M.A. in Counseling

Stockton University's Master of Arts in Counseling program is designed to educate students about best practices in mental health and human services and train students in the skills necessary to work with clients in a variety of settings, such as hospitals, social service agencies, residential treatment centers, community mental health centers, and other organizations

Our program prepares individuals to provide evaluations, referrals, and counseling services to help people prevent or remediate personal problems, conflicts, and emotional crises. Our curriculum includes instruction in human development, psychopathology, individual and group counseling, personality theory, career assessment, patient screening and referral, observation and testing techniques, interviewing skills, professional standards and ethics, and applicable laws and regulations.

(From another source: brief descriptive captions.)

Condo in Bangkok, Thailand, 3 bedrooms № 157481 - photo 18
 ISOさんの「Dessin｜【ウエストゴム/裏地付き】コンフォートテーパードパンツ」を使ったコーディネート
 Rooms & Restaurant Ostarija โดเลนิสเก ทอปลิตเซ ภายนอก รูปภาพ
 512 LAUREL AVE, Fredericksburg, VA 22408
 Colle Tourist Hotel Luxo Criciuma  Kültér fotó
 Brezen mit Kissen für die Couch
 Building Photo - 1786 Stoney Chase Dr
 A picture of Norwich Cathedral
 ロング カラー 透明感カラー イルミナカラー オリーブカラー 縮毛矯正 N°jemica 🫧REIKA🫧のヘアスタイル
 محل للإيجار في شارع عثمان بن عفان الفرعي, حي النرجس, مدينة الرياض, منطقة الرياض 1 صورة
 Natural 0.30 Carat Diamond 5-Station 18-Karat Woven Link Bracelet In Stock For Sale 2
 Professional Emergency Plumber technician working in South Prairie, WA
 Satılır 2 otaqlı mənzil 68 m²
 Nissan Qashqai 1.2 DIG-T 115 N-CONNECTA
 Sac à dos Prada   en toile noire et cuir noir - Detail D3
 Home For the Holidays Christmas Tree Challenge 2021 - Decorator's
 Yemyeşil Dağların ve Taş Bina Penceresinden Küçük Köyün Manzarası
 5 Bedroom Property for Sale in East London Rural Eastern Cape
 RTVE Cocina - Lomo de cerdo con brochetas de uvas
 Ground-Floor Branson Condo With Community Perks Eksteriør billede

Accreditation update: The Master of Arts in Counseling program is seeking accreditation from Council for Accreditation of Counseling and Related Educational Programs (CACREP). Here is our program's status. Stockton was one of three institutions that received a CACREP Grant to assist with the accreditation process. The program coordinator, Dr. Sara Martino, was featured on their website. 


About the Program

Program Objectives

Academic Objectives:

The Master of Arts in Counseling program aims to educate students regarding best practices in counseling. Curriculum focuses on the eight core areas delineated by CACREP standards: professional counseling orientation and ethical practice, social and cultural diversity, human growth and development, career development, counseling and helping relationships, group counseling and group work, assessment and testing, research and program evaluation.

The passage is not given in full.